Well, Tigers, we’ve done it! We have completed the first full week of online classes from the comfort of our homes, our apartments and even our cars. Challenges vary from faulty wifi connections to shipping that seems to take weeks, but little by little, we’re getting through this. But what happens when we “get through this”? Where will that lead us? Where will we be when Sept. 21 finally arrives, and we’re allowed back on campus?
Well, if the current state of the Clemson area is any indication, nowhere good.
I’ve heard claims about wanting to return to school and cries that forsake Zoom and every other method of online learning, but what I’m hearing and what I’m seeing never seem to match up. You, fellow students, say you want to return to campus and study at Cooper Library again, and I hear your voices. Yet I also see you gathering to have a day at the pool, not a mask in sight and social distancing nonexistent. You say that you can’t wait to return to the classroom and meet your classmates face-to-face, yet I see groups of you playing pickup basketball games at the local apartment complexes. You say that you want to spend the semester in the presence of your friends, but I see you spending plenty of time with your friends already as you visit downtown, without a mask or a care for the pandemic we’re currently in.

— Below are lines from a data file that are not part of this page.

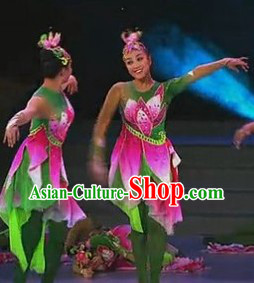 Chinese Stage Performance Professional Flower Dance Costumes Complete Set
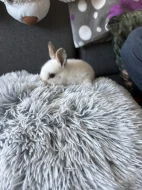 Králíčci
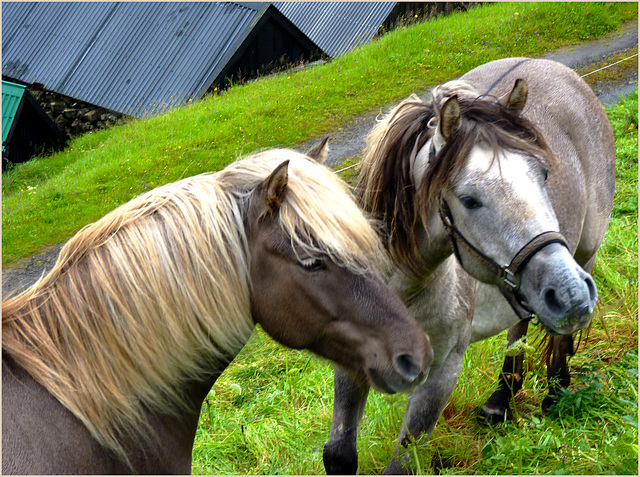 Leynar - una coppia di cavalli vikinghi -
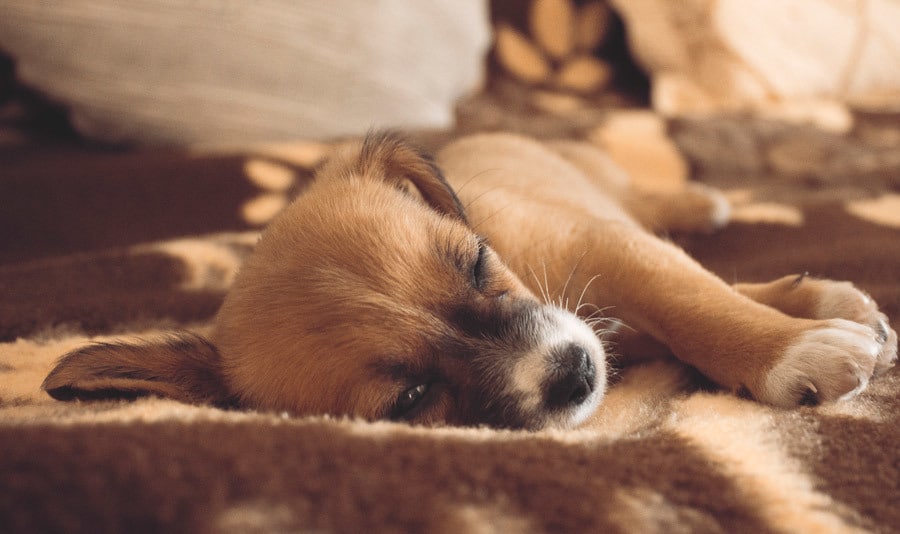 この子を家族に迎えて大丈夫？☘ご縁と時期を占います 犬猫ほかペット全般｜女性専用・最短5分から承ります イメージ3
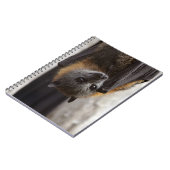 Carnet Batte australienne (Côté gauche)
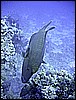 IMG_1073.JPG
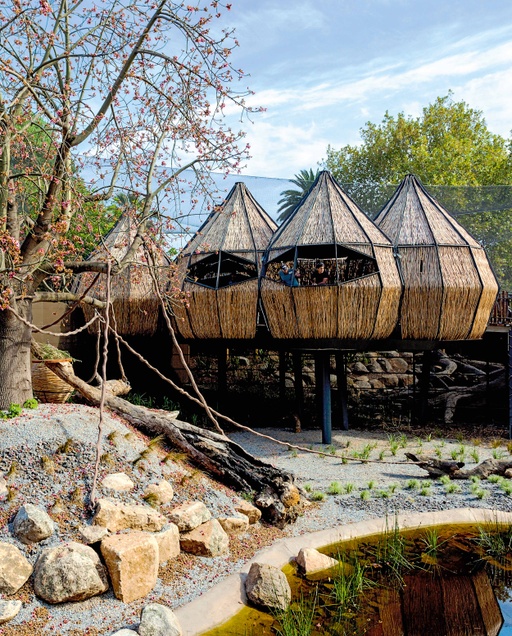 Lemur Exhibit at Melbourne, Melbourne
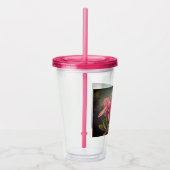 Verre En Acrylique L'orchidée de Cattleya et trois colibris Heade (Droite)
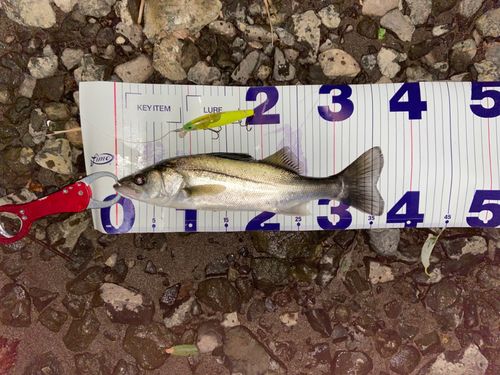 シーバスの釣果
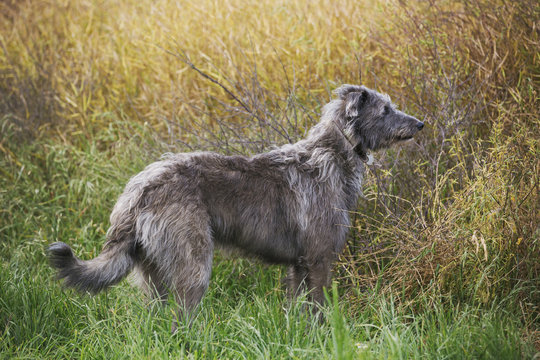 Scottish Deerhound standing in a field.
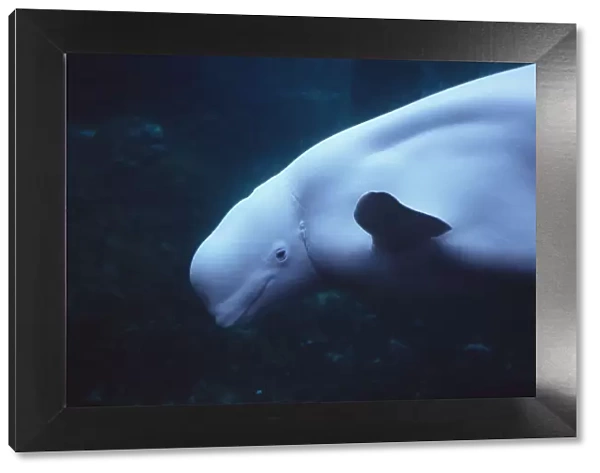 RF- White whale  /  Beluga (Delphinapterus leucas), head portrait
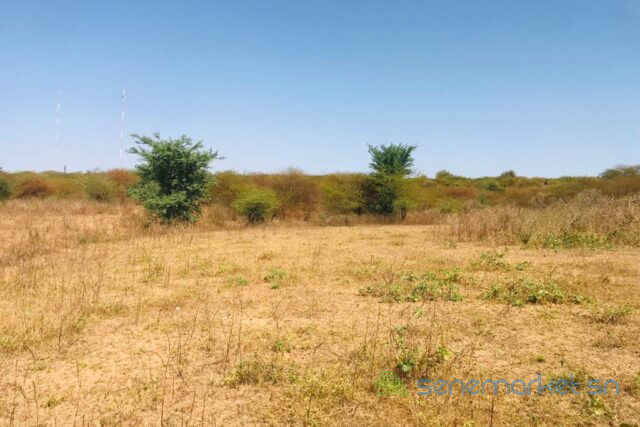 terrain-de-111-hectare-vers-notto-diobass-big-0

Our campus administration and the signs hung all along Old Greenville Highway tell us that we should “be part of the solution,” yet with those signs in the background, hordes of unmasked students are still gathering on Bowman, making our campus appear like it hasn’t been shut down and like the school year has not been irrevocably altered as the result of a deadly pandemic.
Many argue that COVID-19 isn’t deadly to people our age, but what happens to the elderly people living in the Clemson area if irresponsible students cause a mass outbreak? What about immunocompromised students? What about perfectly healthy students who recover from COVID-19, but suffer lung, heart and other health problems for the rest of their lives? We don’t know how each individual will be impacted by COVID-19 or how it will spread, but assuming that everything will be fine when things have not been “fine” since March is not only irresponsible; it is also ignorant of the community our university is nestled in and the people and other students who are concerned about their health.
Of course, this is all in relation to off-campus activities and students. The idea of reopening campus and bringing all remaining students back to the area awakens the idea of an entirely different beast.
We compare ourselves to N.C. State and jokingly call them our North Carolina equivalent when we play them each year in the Textile Bowl, but now we claim to be different from them as they discover clusters in their residence halls and send students home. Alabama is doing no better, and countless other universities—who have similar preventional measures as Clemson, only applied a month earlier—are one-by-one finding out that they are not able to be an exception.
Does Clemson University truly believe itself to be the exception, when the campus is not even open yet, but parties still rage and masks are only present in exceedingly staged Instagram pictures? I do not have the answer to this, but I truly hope that the administration ponders all sides of the situation before summoning students back to campus, only to send them away again two weeks later.
It is up to us, as students, to be part of the solution. It is up to us to wear our masks, to limit our in-person interactions and to think before we do something that could make this pandemic worse. However, it is also up to our administration to recognize when the steps being taken are not enough and when too many students are not being the solution, but only exacerbating the problem.
Does Clemson truly have what it takes to “be part of the solution”? There’s only one way to find out, Tigers. But first, at least try to wear your masks.